言うまでもなく、アメリカの大統領や日本の地方自治体の首長を選ぶのは『直接民主制』ではなく『直接選挙』です。『直接選挙』でも結局は有権者に変わって政治を行う代表を選ぶわけですが、この場合は人気投票的な要素やその時の政治状況などによって、思わぬ結果が出るという意味では、前述のコメントのようなニュアンスがあるのは理解できます。でも、間接民主制は間接民主制(^_^;
国民投票でも、直接選挙による選出にしても、『短期間に国民の意見を直接、問う』というのは危険な要素を持っていることは間違いありません。
趣旨としては理解できたわけですが、言葉は正しく使いましょう。
う~ん。ちょうど私も「代表制」の問題を考えていました。古代社会の王も、中世社会の領主も「代表」には変わりありません。「代表」を投票で選べば民主主義であるといえるのか? よく言われるようにヒトラーも選挙で選ばれました。では、ナチス下のドイツは民主主義社会であったといえるのか? ここで誤解してはならないのは、ヒトラーは少なくともその時代のドイツ国民の代表として選ばれたことを認めなければならないということだと思います。扇動や謀略があったなどという理由は代表であることの否定にはなりません。その前提に立って「代表制」と民主主義が両立するためには、国民の側が権力をチェックし、コントロールする能力と手段と覚悟を持っているかではないかと思います。リコールなんかも成立するのはせいぜい市町村レベルでしょうから、難しい問題ですが。
コメントありがとうございます。
今回は『直接民主制』と『直接選挙』の違いについて指摘したかっただけなので、途中まで書いて消したのですが、当初はドイツの話題にも触れていました。
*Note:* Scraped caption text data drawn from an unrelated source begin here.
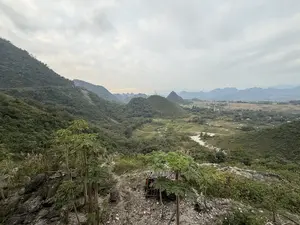 Bức ảnh chụp một khung cảnh thiên nhiên rộng lớn ở vùng núi, nhìn từ trên cao xuống. Phía trước là một sườn đồi dốc với đất đá, có vài cây đu đủ và một túp lều nhỏ tạm bợ, xung quanh có rác. Nhìn ra xa là một thung lũng xanh tươi với những ngọn đồi nhấp nhô, cây cối rậm rạp. Xen kẽ trong thung lũng là vài ngôi nhà, những mảnh ruộng và một con đường đất. Một dòng sông cạn với lòng sông màu sáng chảy qua khu vực. Phía chân trời là những dãy núi trập trùng mờ ảo trong sương. Bầu trời u ám, đầy mây.。（日本語訳）。写真は、山岳地帯の広大な自然風景を上から見下ろしたものです。手前には土石のある急な丘の斜面があり、パパイヤの木が数本と小さな仮設小屋が一つあり、周りにはゴミがあります。遠くには、起伏のある丘と鬱蒼とした木々がある緑豊かな谷が見えます。谷間には、数軒の家、田畑、そして未舗装の道が点在しています。明るい色の川床を持つ、水量の少ない川がこの地域を流れています。空はどんよりとしており、雲でいっぱいです。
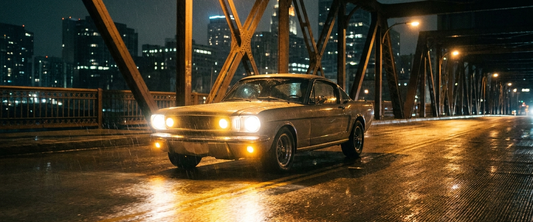 American muscle car crossing a city bridge at night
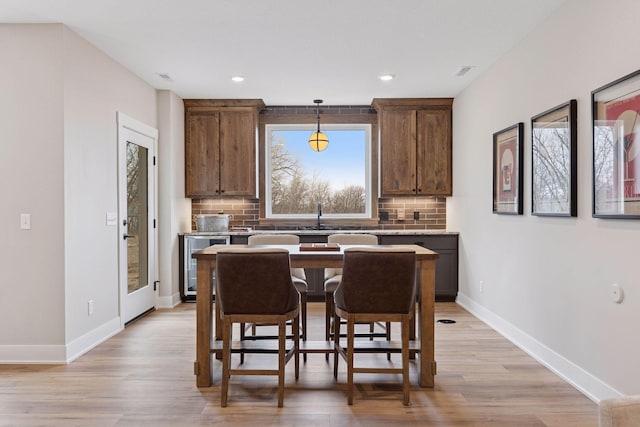 kitchen with beverage cooler, tasteful backsplash, light wood-type flooring, and baseboards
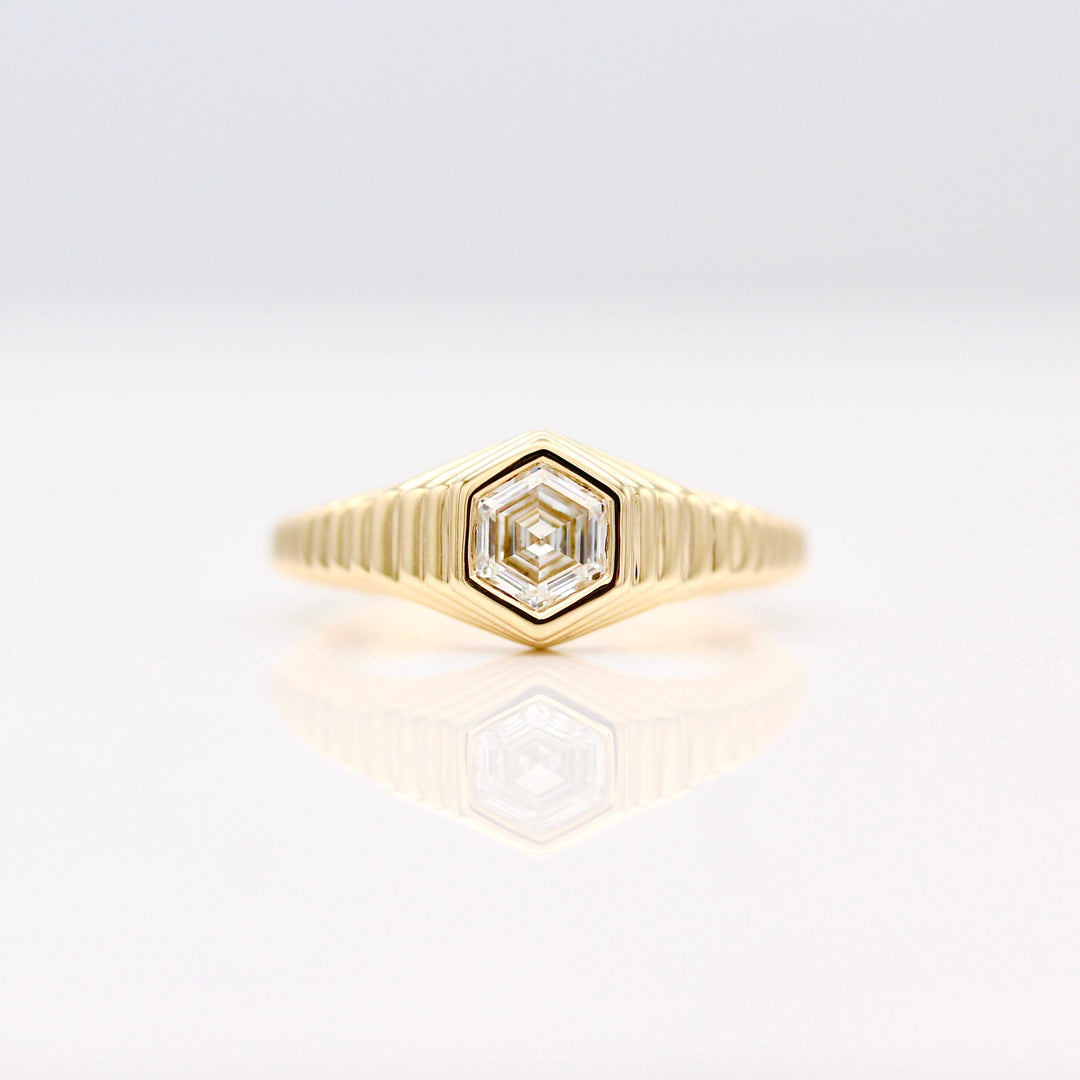The Fitz Pinky Ring in Yellow Gold with Hexagon Diamond center against a White background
yassallさんの指摘されている『ナチス下のドイツは民主主義社会であったといえるのか』という点はヒトラー政権下はほぼ全期間、全権委任法の効力下でしたから民主主義社会とは言えないと思います。むしろ、yassallさんの心配は、当時最先端の民主憲法と言われたワイマール憲法は何故、ヒトラーのような『代表』を生み出してしまったのかという点ではないでしょうか。戦前のドイツの民主主義はヒトラーが壊したように理解している人が多いと思いますが、実際はざまざま政治家たちが民主憲法の理念をなし崩しにしてゆき、その隙間を縫ってヒトラーが台頭した時には、既に憲法は形骸化し、独裁者の登場を止めることができなかったのです。yassallさんの仰るとおり、間接民主主義では必ず代表を選ぶことになりますが、有権者は権力を監視し、ルールを無視する代表はそうそうに退場させる必要があります。しかし、今回の通常選挙のような投票率では権力者の気を引き締めることはできないでしょう。難しい問題です。